This report, including information included in, or incorporated by reference from, future filings by the Company with the SEC, as well as information contained in written material, press releases and oral statements, contains, or may contain, certain statements that are “forward-looking statements,” within the meaning of the federal securities laws. All statements, other than statements of historical facts, included or incorporated by reference in this report, which address activities, events or developments which are expected to, or anticipated will, or may, occur in the future, are forward-looking statements. The words “believes,” “intends,” “expects,” “anticipates,” “projects,” “estimates,” “predicts” and similar expressions are used to identify forward-looking statements.

These forward-looking statements include, among others, such things as: the amount and nature of our future capital expenditures; wells to be drilled or reworked; prices for oil, NGL and natural gas; demand for oil, NGL and natural gas; estimates of proved oil, NGL and natural gas reserves; development and infill drilling potential; drilling prospects; business strategy; production of oil, NGL and natural gas reserves; and expansion and growth of our business and operations.

These statements are based on certain assumptions and analyses made by the Company in light of experience and perception of historical trends, current conditions and expected future developments as well as other factors believed appropriate in the circumstances. However, whether actual results and development will conform to our expectations and predictions is subject to a number of risks and uncertainties, which could cause actual results to differ materially from our expectations.

One should not place undue reliance on any of these forward-looking statements. The Company does not currently intend to update forward-looking information and to release publicly the results of any future revisions made to forward-looking statements to reflect events or circumstances, which reflect the occurrence of unanticipated events, after the date of this report.

In order to provide a more thorough understanding of the possible effects of some of these influences on any forward-looking statements made, the following discussion outlines certain factors that in the future could cause results for 2018 and beyond to differ materially from those that may be presented in any such forward-looking statement made by or on behalf of the Company.

Commodity Prices.

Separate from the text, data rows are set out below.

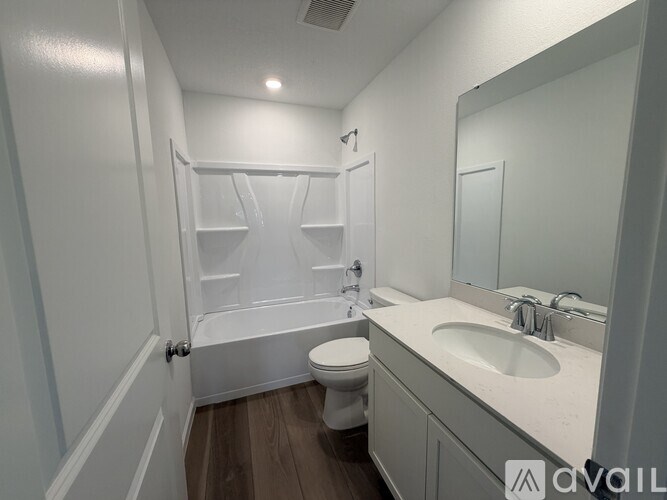 A white bathroom with a toilet, sink, and bathtub.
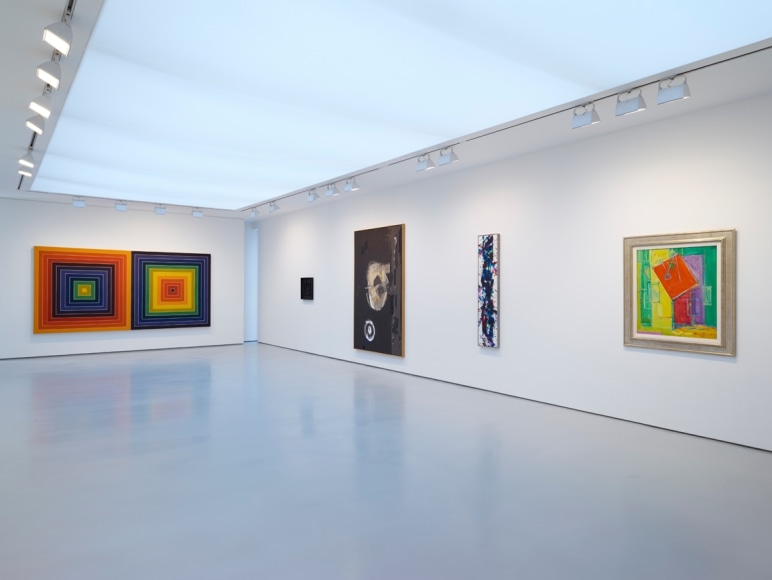 installation view of multiple paintings in a large gallery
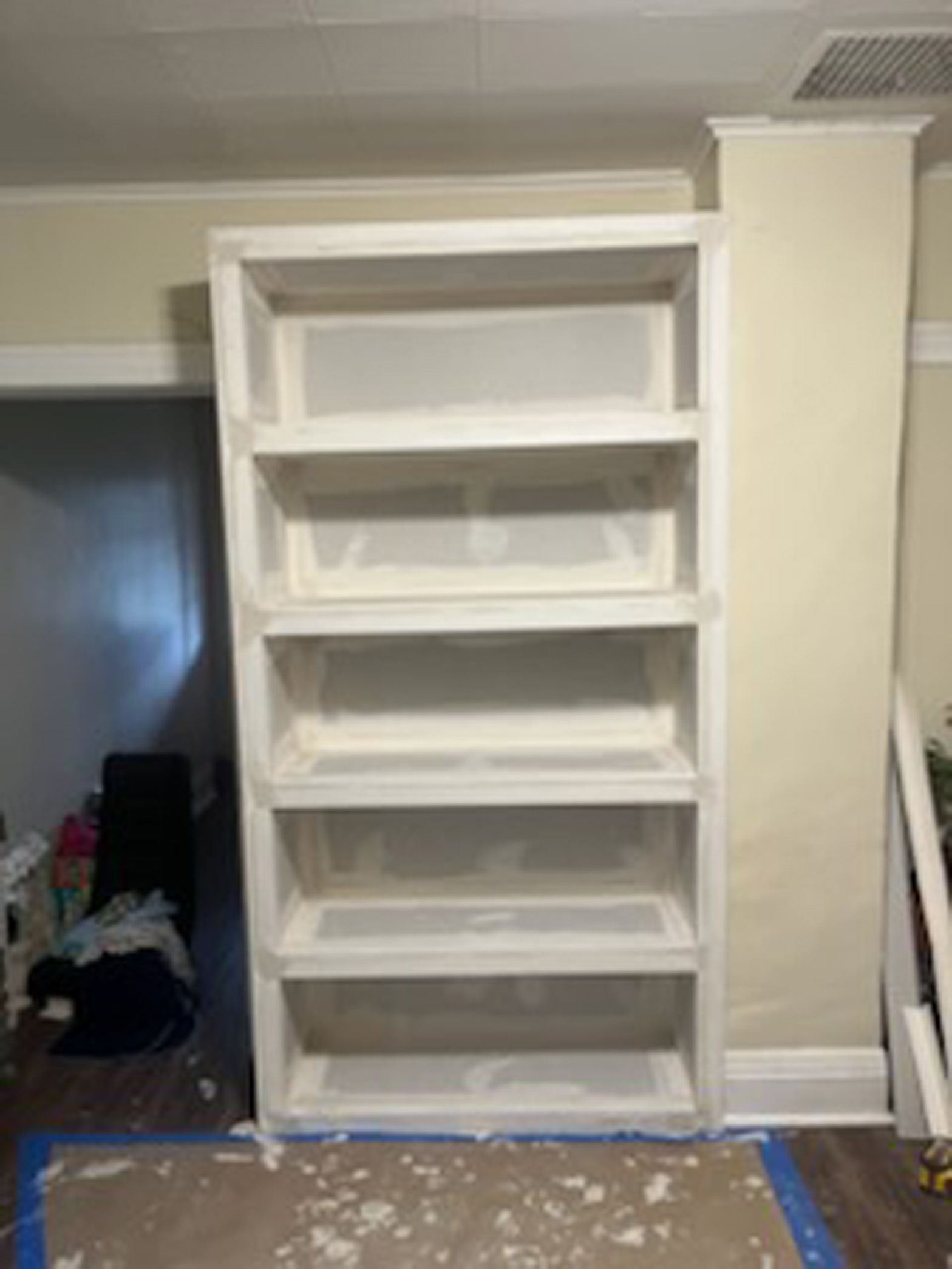A white bookshelf is sitting in a room next to a wall.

The prices received for oil, NGL and natural gas production have a direct impact on the Company’s revenues, profitability and cash flows, as well as the ability to meet its projected financial and operational goals. The prices for crude oil, NGL and natural gas are dependent on a number of factors beyond the Company’s control, including: the supply and demand for oil, NGL and natural gas; weather conditions in the continental United States (which can greatly influence the demand for natural gas at any given time as well as the price we receive for such natural gas); and the ability of current distribution systems in the United States to effectively meet the demand for oil, NGL and natural gas at any given time, particularly in times of peak demand, which may result because of adverse weather conditions.

(27)


 

Oil prices are sensitive to foreign influences based on political, social or economic factors, any one of which could have an immediate and significant effect on the price and supply of oil. In addition, prices of both natural gas and oil are becoming more and more influenced by trading on the commodities markets, which has, at times, increased the volatility associated with these prices.

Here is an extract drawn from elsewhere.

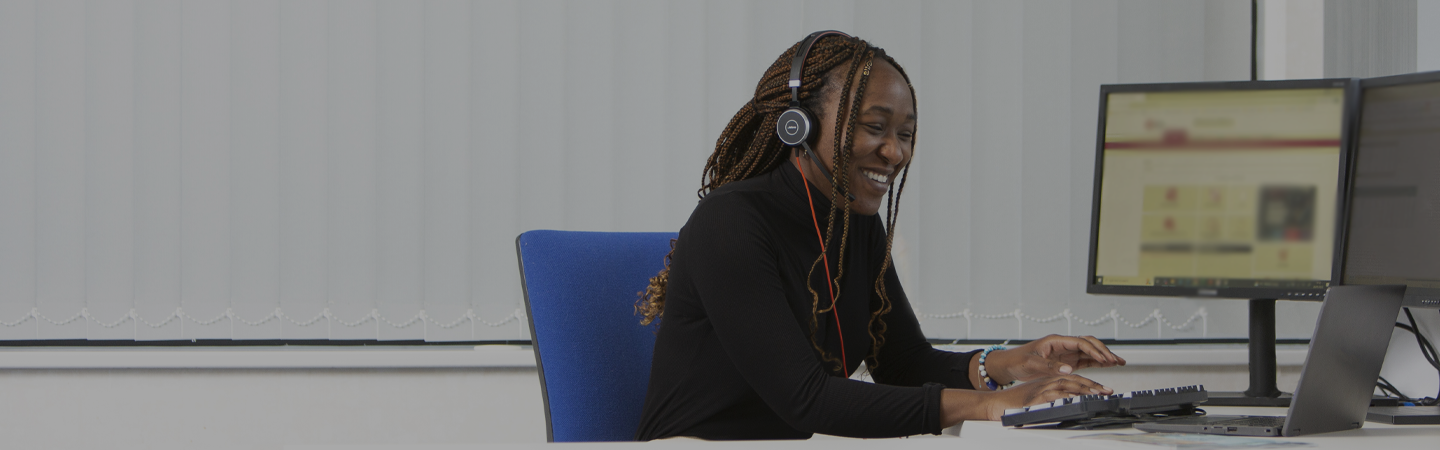 An NICEIC employee working at a computer deck at the head quarters in Dunstable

Uncertainty of Oil, NGL and Natural Gas Reserves. There are numerous uncertainties inherent in estimating quantities of proved reserves and their values, including many factors beyond the Company’s control. The oil, NGL and natural gas reserve data included in this report represents only an estimate of these reserves. Oil and natural gas reservoir engineering is a subjective and inexact process of estimating underground accumulations of oil, NGL and natural gas that cannot be measured in an exact manner. Estimates of economically recoverable oil, NGL and natural gas reserves depend on a number of variable factors, including historical production from the area compared with production from other producing areas and assumptions concerning future oil, NGL and natural gas prices, future operating costs, severance and excise taxes, development costs, and workover and remedial costs.

Some or all of these assumptions may vary considerably from actual results. For these reasons, estimates of the economically recoverable quantities of oil, NGL and natural gas and estimates of the future net cash flows from oil, NGL and natural gas reserves prepared by different engineers or by the same engineers but at different times may vary substantially. Accordingly, oil, NGL and natural gas reserve estimates may be subject to periodic downward or upward adjustments. Actual production, revenues and expenditures with respect to oil, NGL and natural gas reserves will vary from estimates, and those variances can be material.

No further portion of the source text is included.